That's it. On the nail.

Date: 2003-09-24 11:21 am (UTC)
From: [identity profile] oracne.livejournal.com
OH yeah...at least my Master's thesis only took a semester, so the agony was shortened.

[rushes off to write some more angst to distract you]

Date: 2003-09-24 11:32 am (UTC)
pameladean: (Default)
From: [personal profile] pameladean
This can happen with novels about to be published, too. There is no committee that can torment one face-to-face and has the right to, but it's possible to lie awake at night utterly persuaded that the reviews will all be bad and that one will be the subject of one of those nasty perpetually recycled rants about how editors can't edit these days, the slush pile can't be better than this crap, how could this get published when gems lie about rejected, and who was the author sleeping with anyway.

So just think, when you publish a novel you will know that what your unconscious mind is yattering about is nonsense, because you will have been through it all and at that distance know that your dissertation was brilliant.

In the meantime, though, have a large dollop of something comforting.

Pamela

Date: 2003-09-24 12:22 pm (UTC)
From: [identity profile] matociquala.livejournal.com
Hear, hear.

I'm trying to develop the habit of never, ever rereading something once I've sold it, except for correcting galleys and so forth. Because the last time I did, it was a story I published in 1997 and then reread in 2001, and it was so awful I cried and couldn't write for a week.

Date: 2003-09-24 03:12 pm (UTC)
pameladean: (Default)
From: [personal profile] pameladean
If you read it again in 2005, you will probably think coolly that it is not so bad for the state of development you were at, and will undoubtedly have six nice letters about it from people who appreciate it; letters that originally made you cringe and fling them into a corner, but that seem perfectly sane when rediscovered while looking for the telephone bill. That's my experience, anyway. Perspective is all.

Pamela

Date: 2003-09-25 05:25 am (UTC)
From: [identity profile] papersky.livejournal.com
Yes, but that can actually happen.

Date: 2003-09-24 12:11 pm (UTC)
ext_78889: Elizabeth I armor (renaissance)
From: [identity profile] flummoxicated.livejournal.com
Ack! I can't believe I'm still planning on going to grad school!
(listens to office noise and craziness)
On the other hand, there are worse alternatives.

Date: 2003-09-24 12:40 pm (UTC)
From: [identity profile] rysmiel.livejournal.com
You know, I was planning on pointing you at that, and the other recent one there about imposter syndrome which I've not just now got time to go through the archives looking for.

My sympathies. It's utterly pointless saying I remember this feeling and I did OK eventually, isn't it ?

Date: 2003-09-24 12:49 pm (UTC)
From: [identity profile] truepenny.livejournal.com
No, testimony is helpful, even if it does start to look like an AA meeting or a tent revival in here.
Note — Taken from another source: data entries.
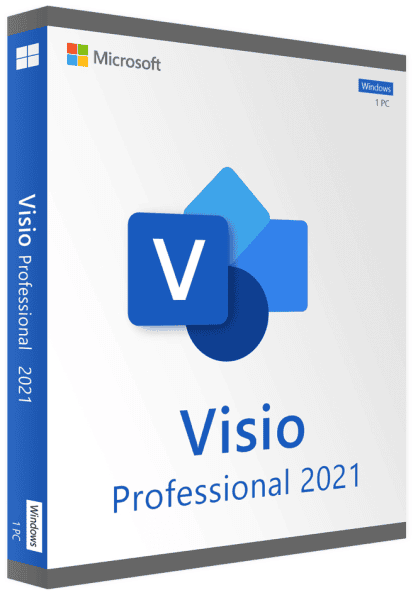 Microsoft Visio 2021 Professional (PC)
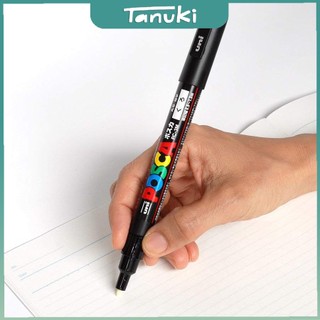 Bút Uni Posca (Đầu 3M) (Bảng 1)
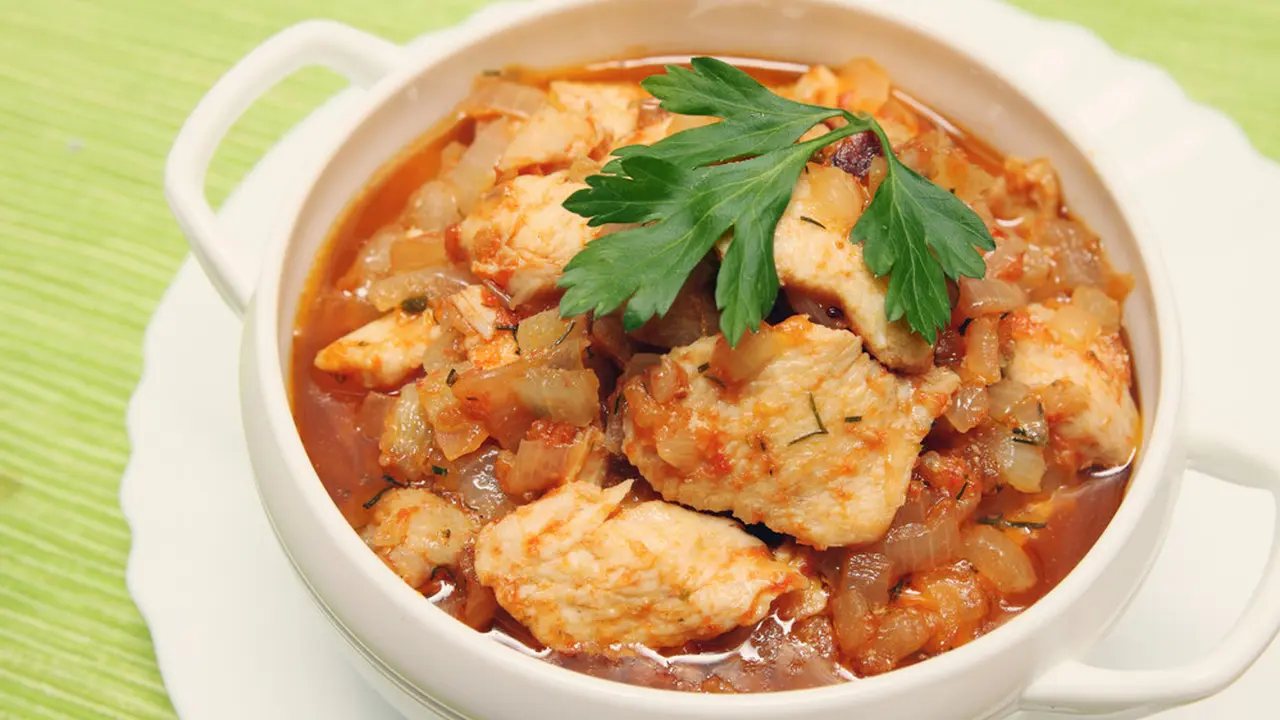 sop ayam tomat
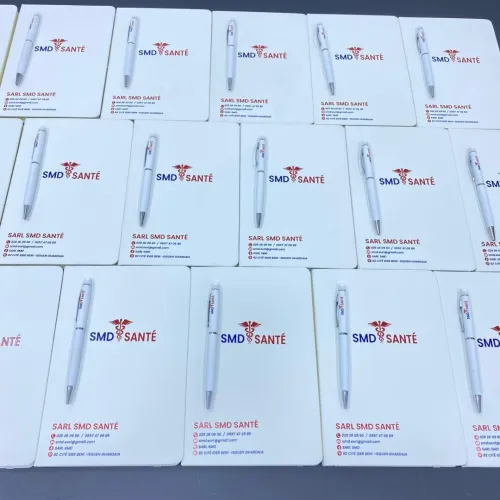 Pack pour fin d'année bloc note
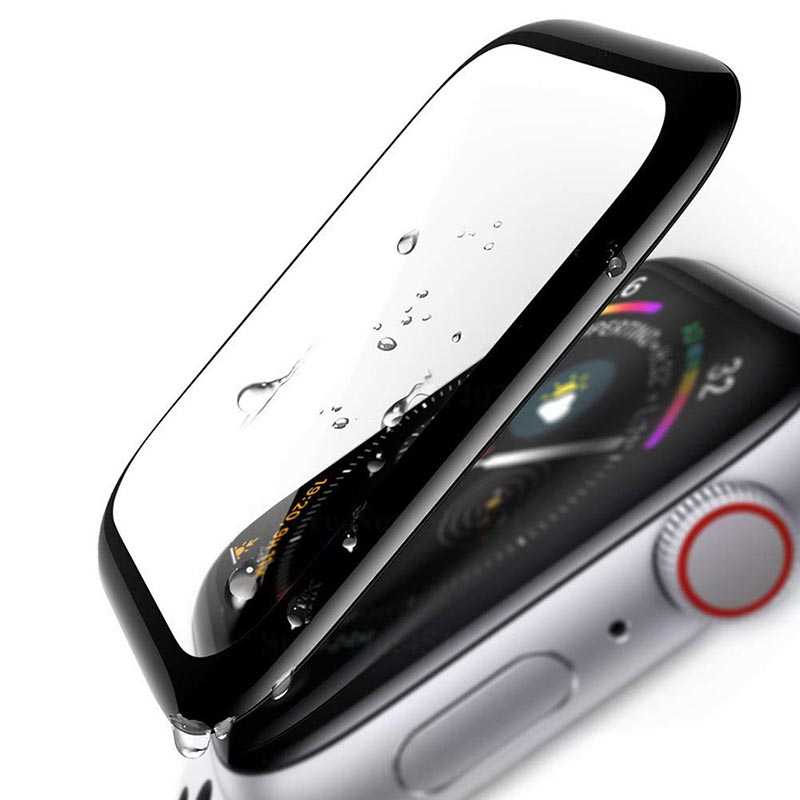 [RNZ-TA31352] Apple Watch 38mm Uyumlu Zore 3D Full Yapışkanlı Cam Ekran Koruyucu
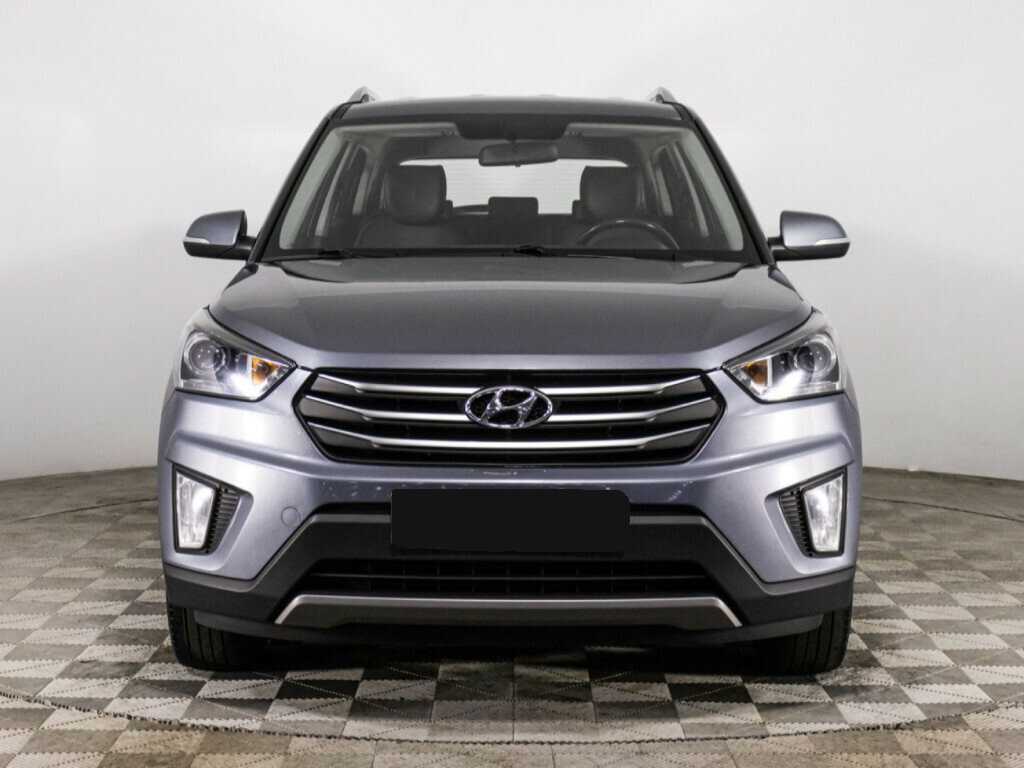 Hyundai Creta 2019 года с пробегом. Фото: #1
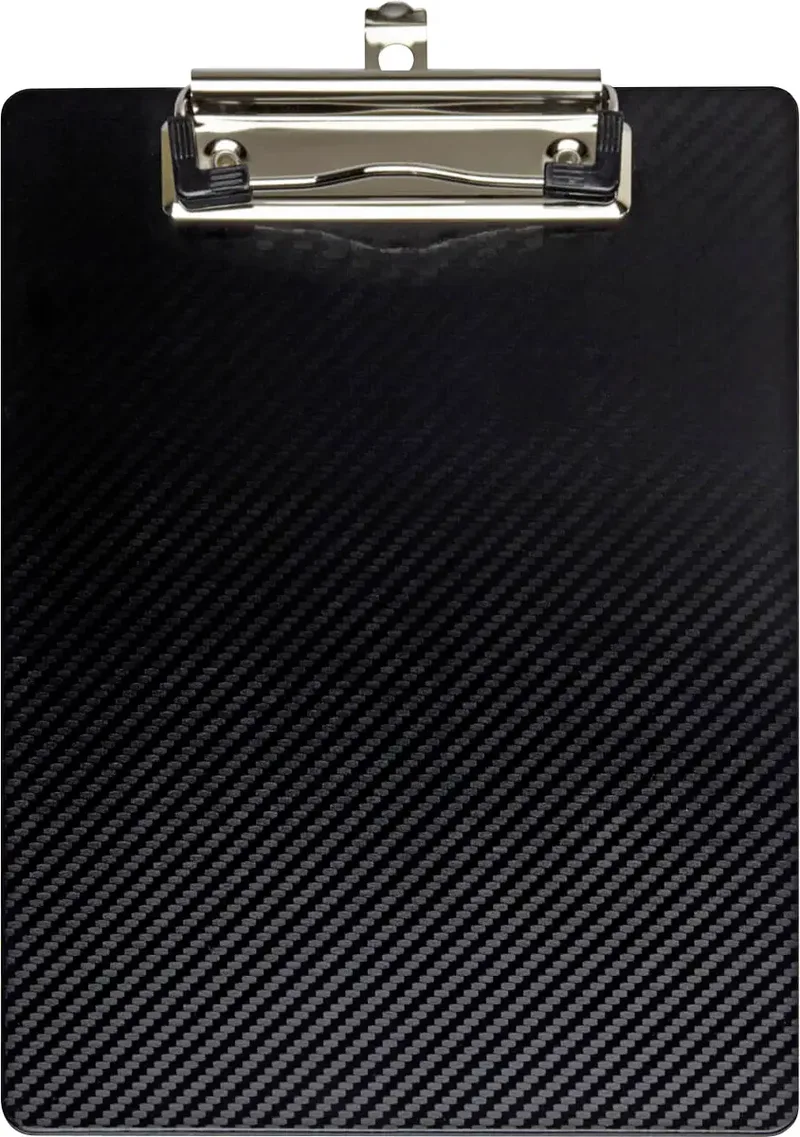 Klemmbrett 2360890 Schwarz (B x H x T) 16 x 24 x 1.5 cm de Maul – photo produit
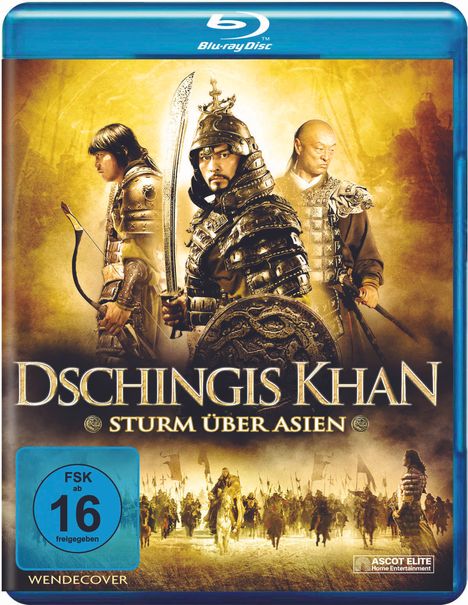 Dschingis Khan - Sturm über Asien (Blu-ray), Blu-ray Disc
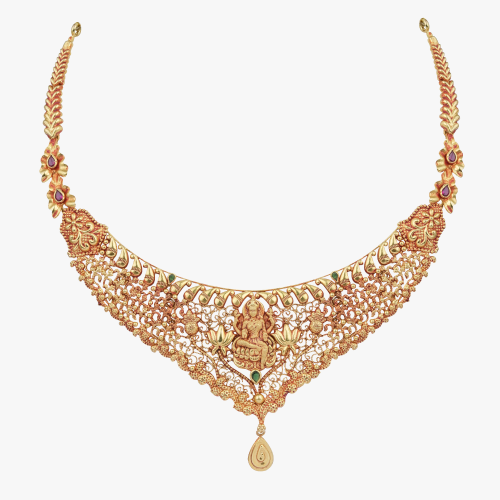 Luxurious Lakshmi Necklace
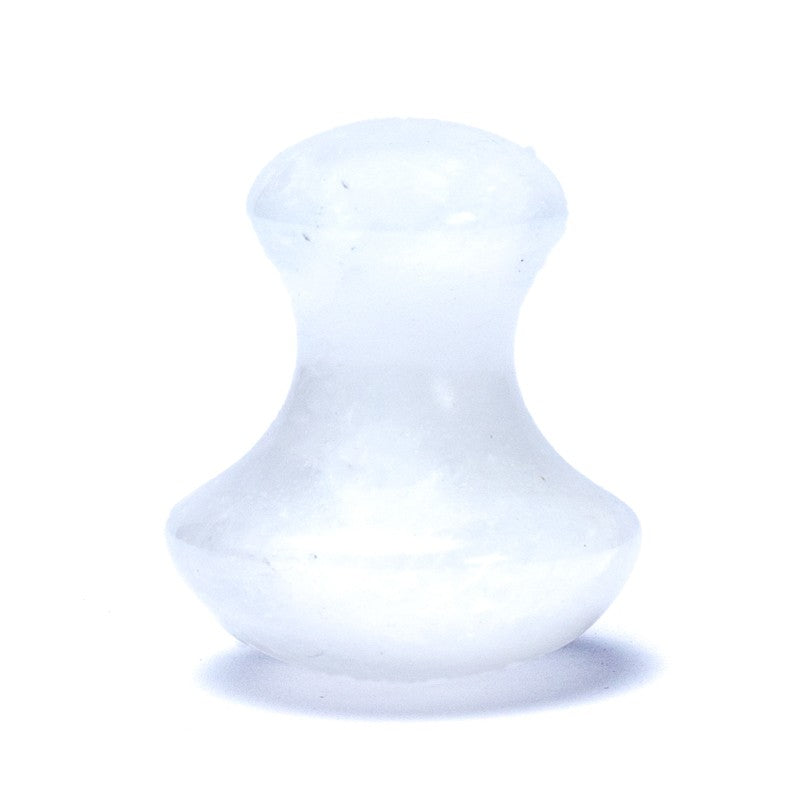 Massagestein Pilzform Bergkristall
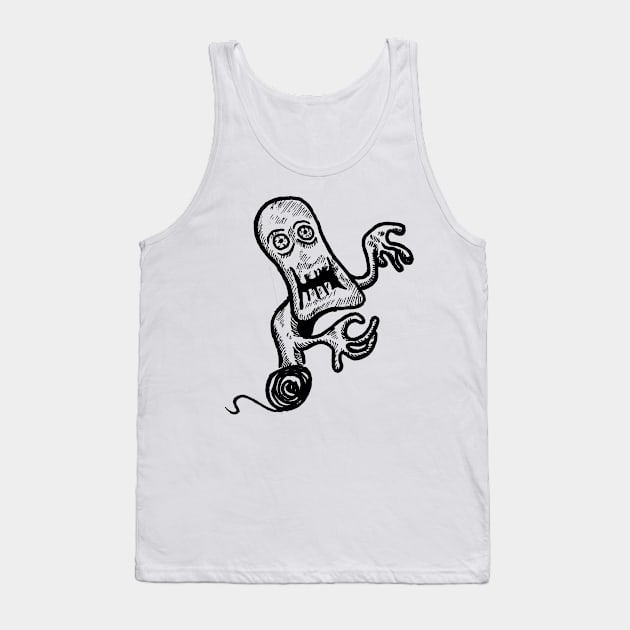 Zombie Tank Top by S.S.D.R.W studio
Reminders that people have lived through this are good.

Date: 2003-09-24 03:07 pm (UTC)
kate_nepveu: sleeping cat carved in brown wood (Default)
From: [personal profile] kate_nepveu
Imposter syndrome post: here.

Date: 2003-09-24 05:39 pm (UTC)
From: [identity profile] calanthe-b.livejournal.com
Oh, how true.

~whimpers~ And I don't even have to stand a viva...

Date: 2003-09-25 01:38 am (UTC)
From: [identity profile] voske.livejournal.com
Hell, yes. Writing can be so agonizing.

And a Hello there to you! I like your journal, so I added it to my list.

Date: 2003-09-26 02:45 pm (UTC)
ext_6283: Brush the wandering hedgehog by the fire (hedgehog)
From: [identity profile] oursin.livejournal.com
Is my experience of knowing the viva was going to be more or less a formality unique? (I knew this because one of the examiners* asked me during the previous week whether I would be free for lunch afterwards, so they could take me out to lunch and celebrate.) If so, I was much luckier than I thought!
*The late, and much lamented, Roy Porter.

Date: 2003-09-26 03:02 pm (UTC)
From: [identity profile] truepenny.livejournal.com
Well, for me at least, there's a difference between everyone else assuming the oral will go like a breeze and me, personally, on the inside of my head, knowing I'll actually pass. Especially since my committee haven't seen my dissertation yet.

But I am widely recognized to be more than slightly neurotic.